Task brief -> Transcribe exactly, and only, the lines from the one with "SUPCASE for AirPods" through the end of the records below, including both of those lines. Skip all pictures.

Available data ->
━━━

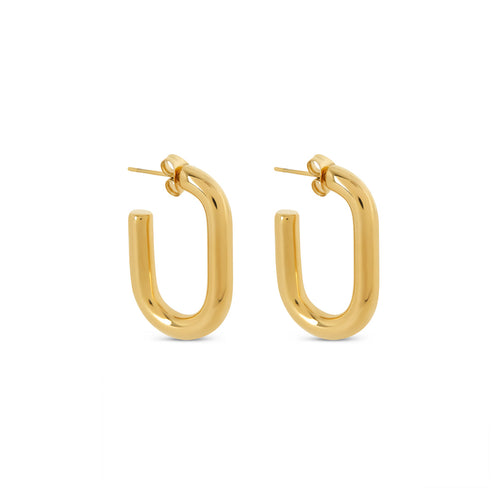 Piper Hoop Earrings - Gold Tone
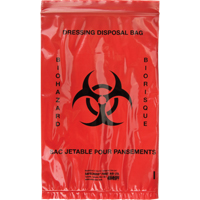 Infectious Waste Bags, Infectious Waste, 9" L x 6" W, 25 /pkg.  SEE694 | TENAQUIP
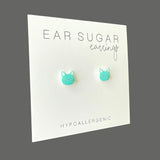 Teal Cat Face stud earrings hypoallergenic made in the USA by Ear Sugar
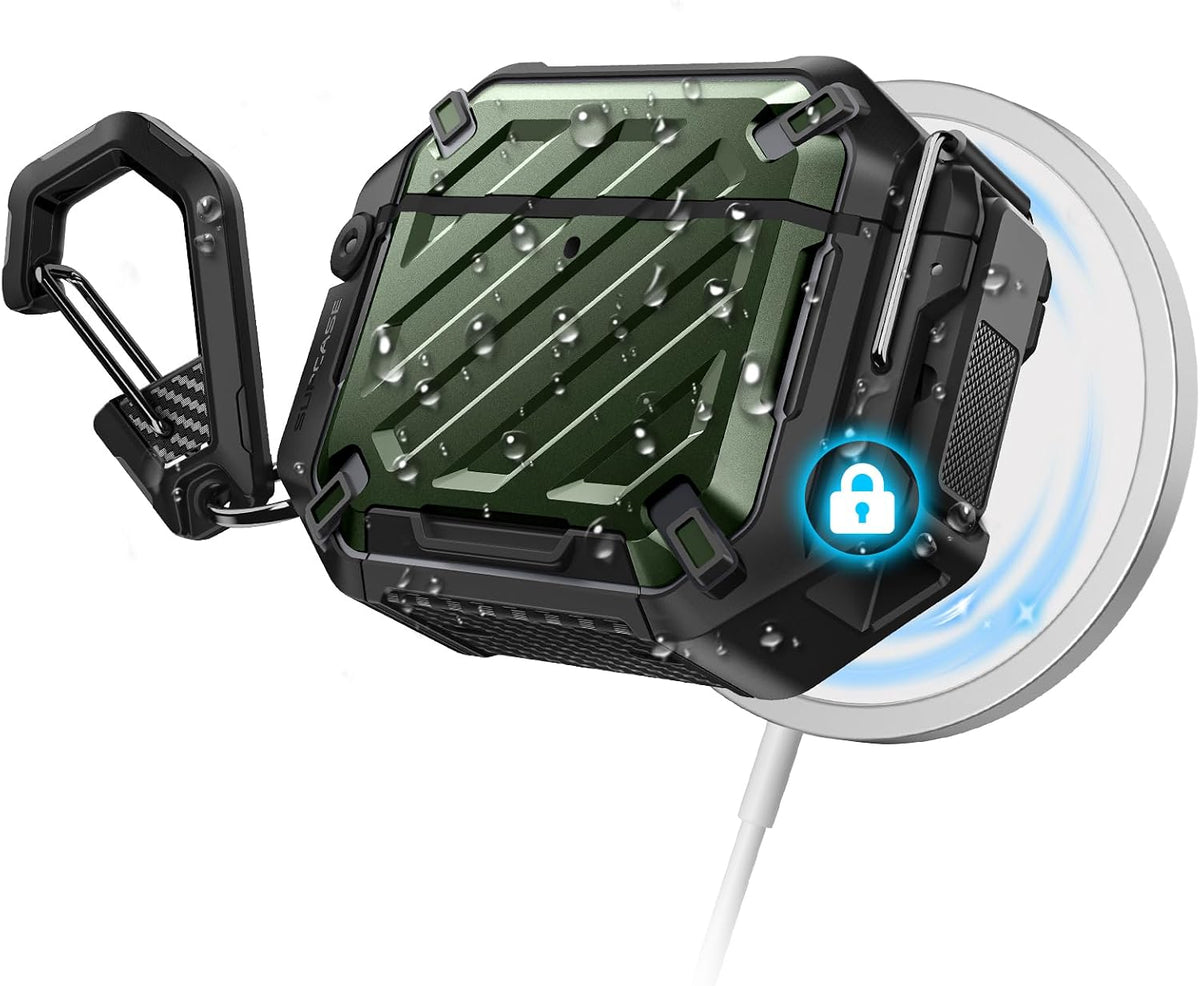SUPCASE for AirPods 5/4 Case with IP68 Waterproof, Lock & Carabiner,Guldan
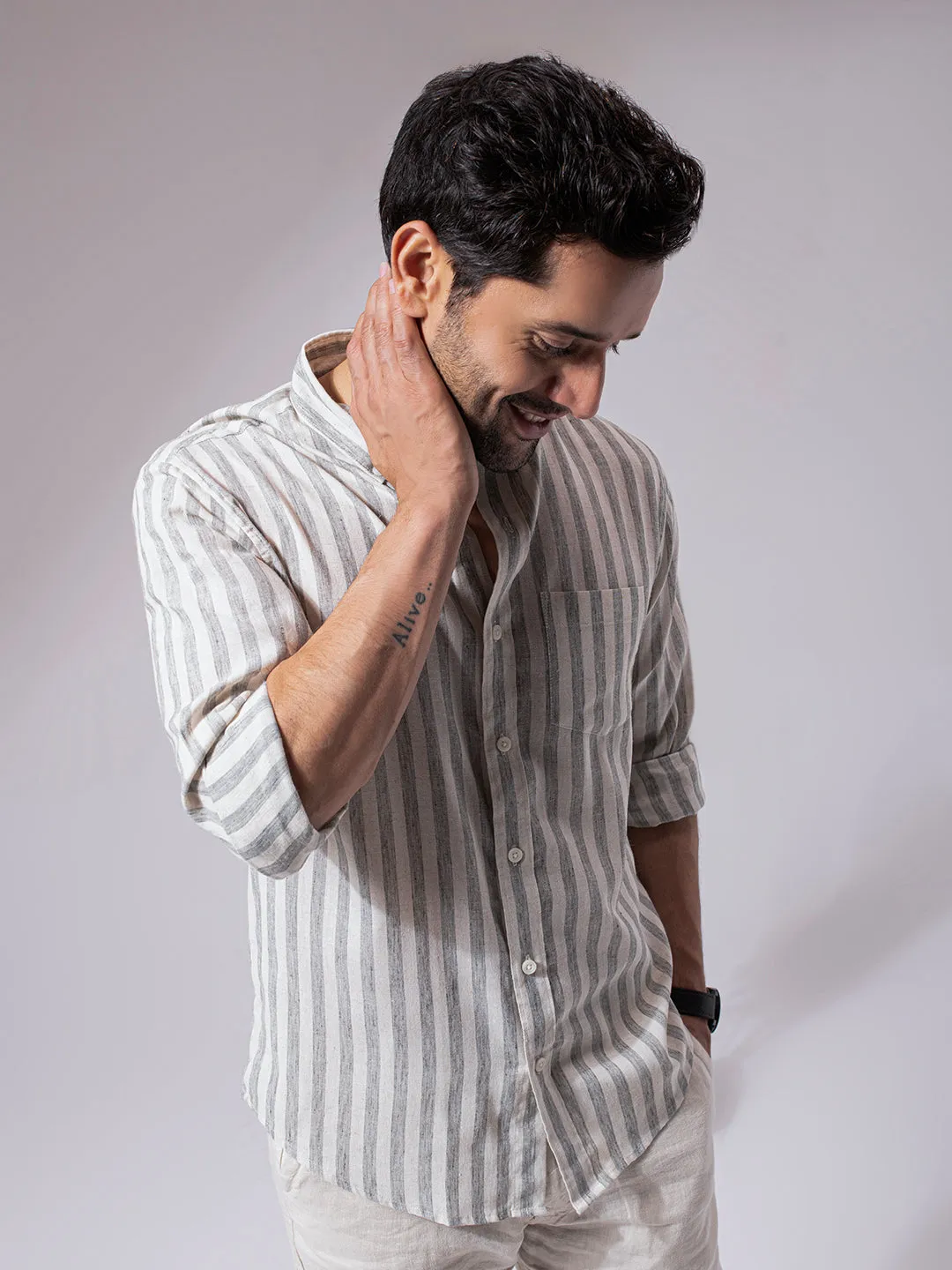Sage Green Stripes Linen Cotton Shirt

━━━

Exercise answer ->
SUPCASE for AirPods 5/4 Case with IP68 Waterproof, Lock & Carabiner,Guldan
Sage Green Stripes Linen Cotton Shirt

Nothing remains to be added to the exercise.